The "Warden's Home," a stately three-story residence at 67 South St., fetched $132,000 at auction from the highest bidder, Auburn contractor Bouley Enterprises.
According to Heather Groll, a spokesperson for the state Office of General Services, the selling price for the 8,800 square foot mansion was $7,000 above the minimum bid of $125,000. Two registered bidders vied for the historic home.
Bouley Enterprises President Dan Bouley said the purchase price was a welcome discount from the current $366,500 assessment.
"We walked through it yesterday and kicked around some ideas about what purpose we could use it for," he said. "We expected the price to be in the $200,000 range, so we were very pleased and felt that at that price we were definitely willing to take the risk and purchase it."
Bouley said he and his siblings sharing ownership in the company aren't exactly sure how they'll use the newly acquired property, but they will strive to maintain the historic integrity of the home.
"We're consulting with architects familiar with historic properties before we decide the best way for us to proceed," he said. "We're going to do necessary renovation and repair work and then we'll consider whether to resell it as a single family home or possibly some kind of multi-unit apartment. Whatever we decide, it doesn't change our direction of preserving it as a historic landmark."
The Warden's Home was originally built in the 1840s by Amasa Curtis and was owned in the 1880s by local merchant E. Delevan Woodruff, who added a number of its most luxurious features, including a ballroom on the third floor, seven Italian marble and tile fireplaces and hand-carved woodwork.

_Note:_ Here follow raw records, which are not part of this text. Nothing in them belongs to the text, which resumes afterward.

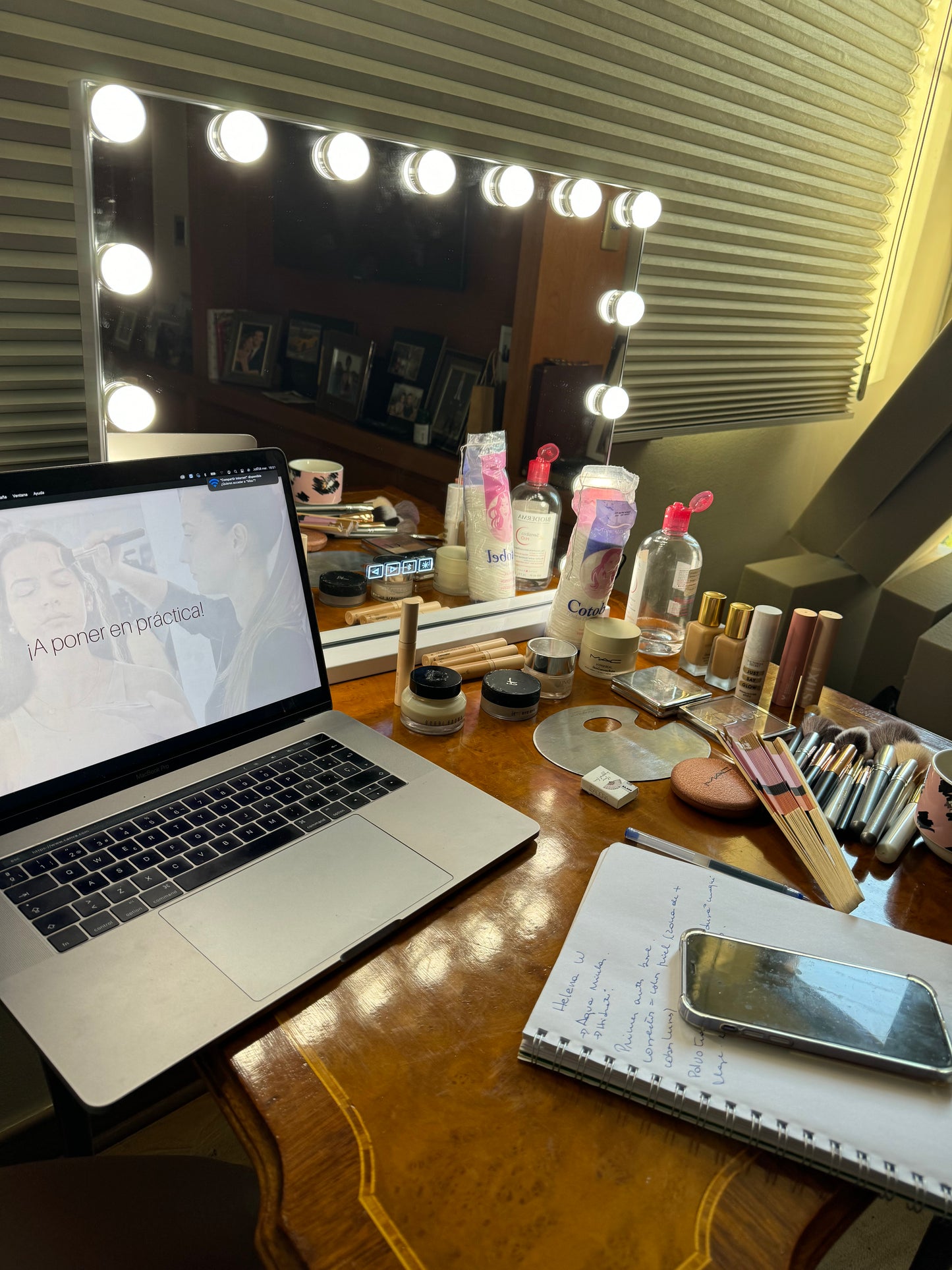 Clases de maquillaje personalizadas (sede Helen Makeup)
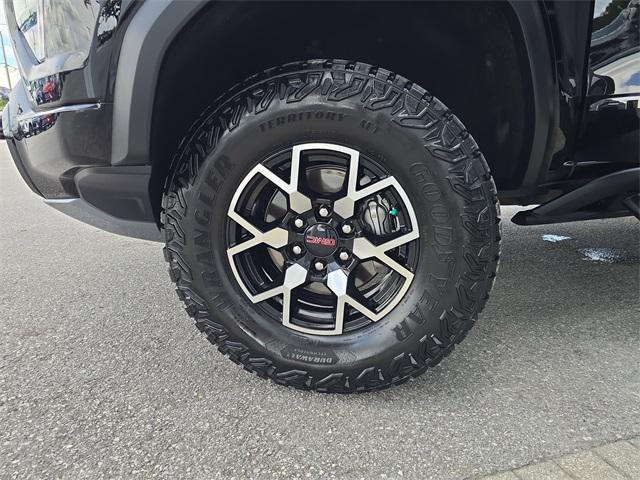 Photo of 2024 Onyx Black GMC Canyon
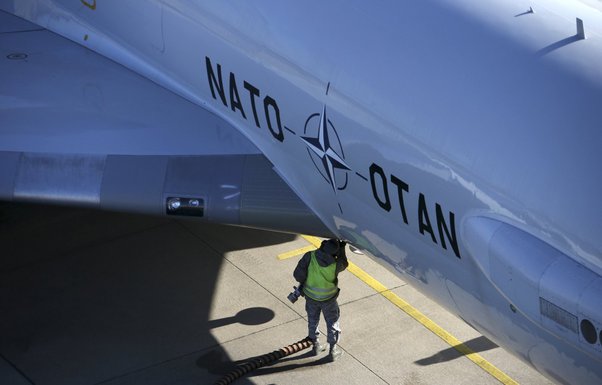 NATO avion
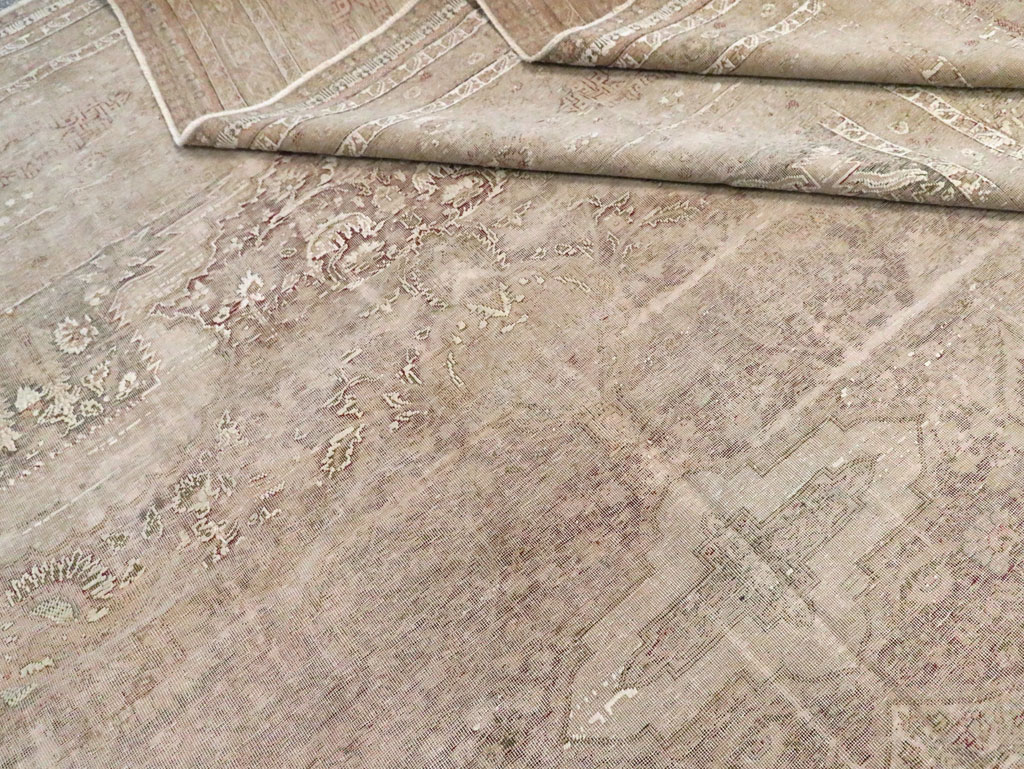 Antique Turkish Kayseri Room Size Carpet, No.30599 - Galerie Shabab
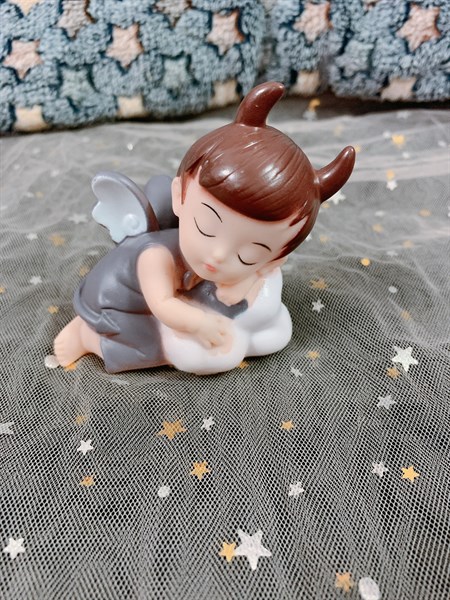 Bé trai ác quỷ áo xám ngủ ôm mây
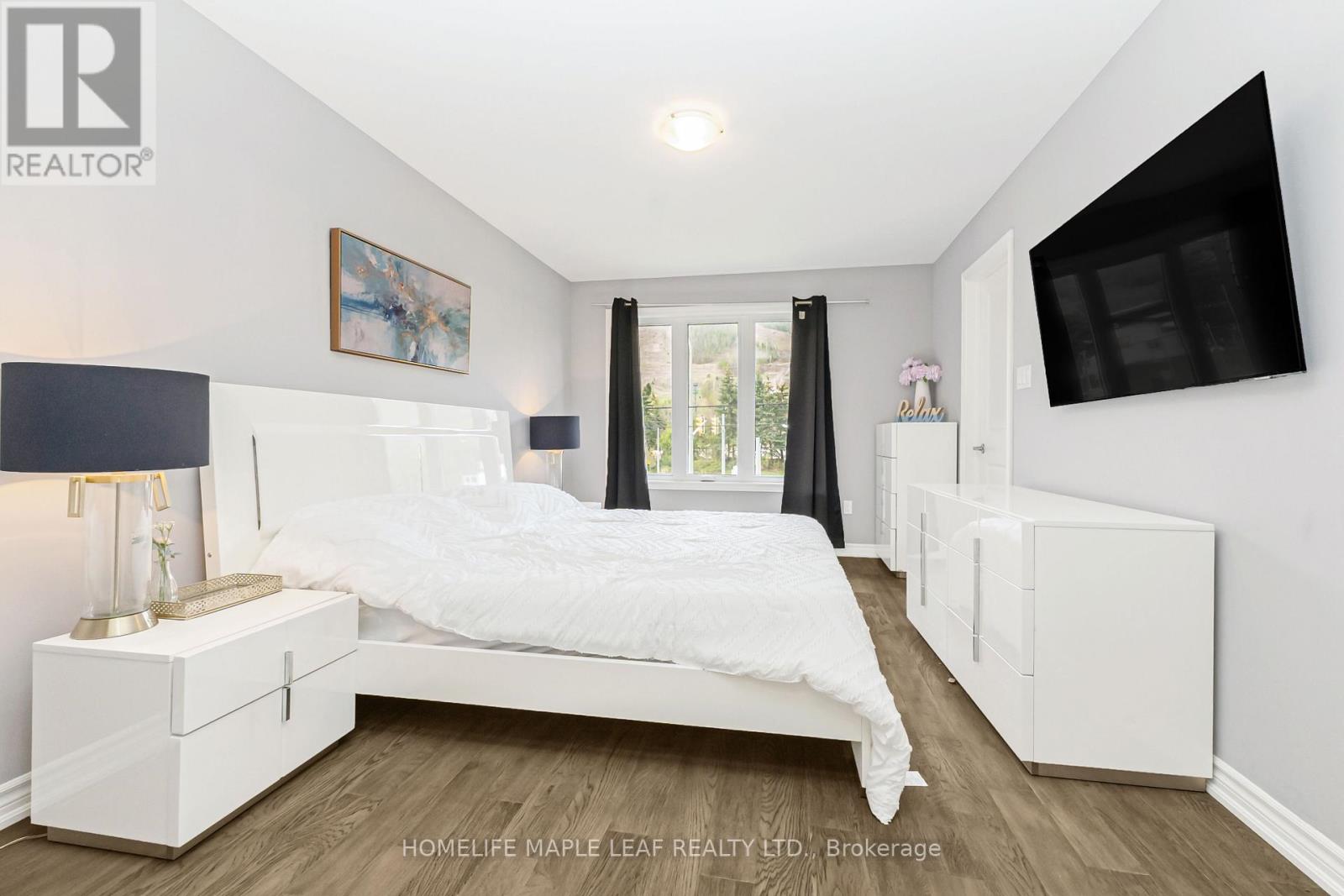 104 DELPHI COURT - 40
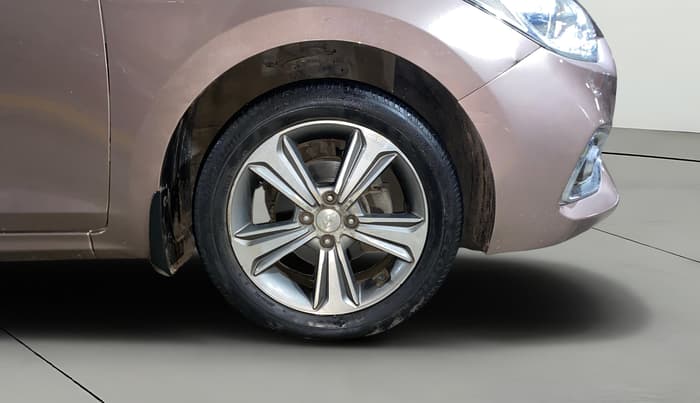 2018 Hyundai Verna 1.6 VTVT SX, Petrol, Manual, 50,549 km, Right Front Wheel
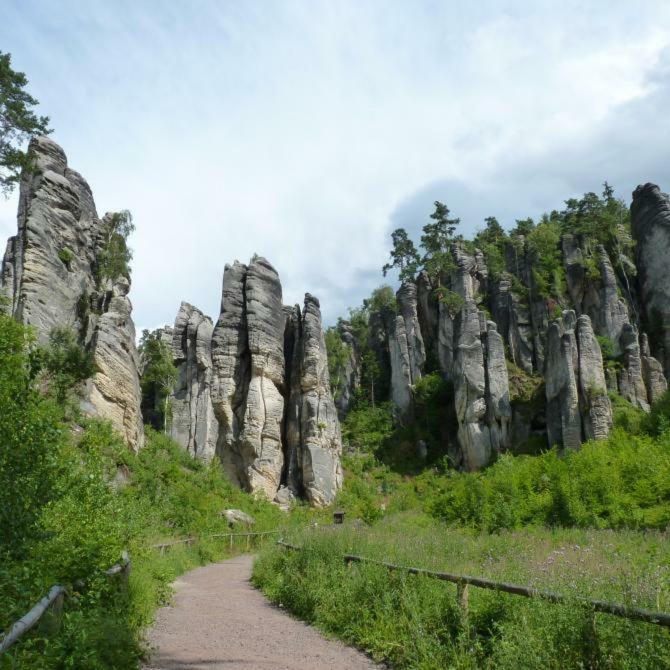 Hotel Certovka Peklo Náchod Esterno foto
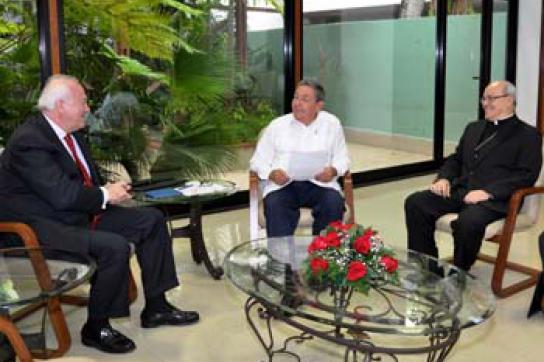 Treffen in Havanna: Moratinos, Castro, Ortega (v.r.n.l.)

After safety concerns raised by a prison riot, the state purchased the house in 1931 to house ACF's wardens.
A second, more modest property at 5 Harvard Ave, also sold at auction Tuesday by the state.
The ranch-style home previously used to house assistant prison administrators sold for $110,000. The highest bidder out of 10, whom Groll did not name, reached that figure after starting with a $65,000 minimum bid.
Groll said the purchaser plans to use the home as a private residence.
This year New York hopes to shed 23 residences formerly used to house prison administrators and other property related to the corrections department in an effort to streamline operations and reduce costs.
"This is a win-win for the state and the Auburn community for several reasons," Groll said. "The first is that these properties will no longer be maintained at a cost to state taxpayers and instead will be put to use and returned to the tax rolls."
She said it will take about three months for the state to finalize the deals with the new buyers.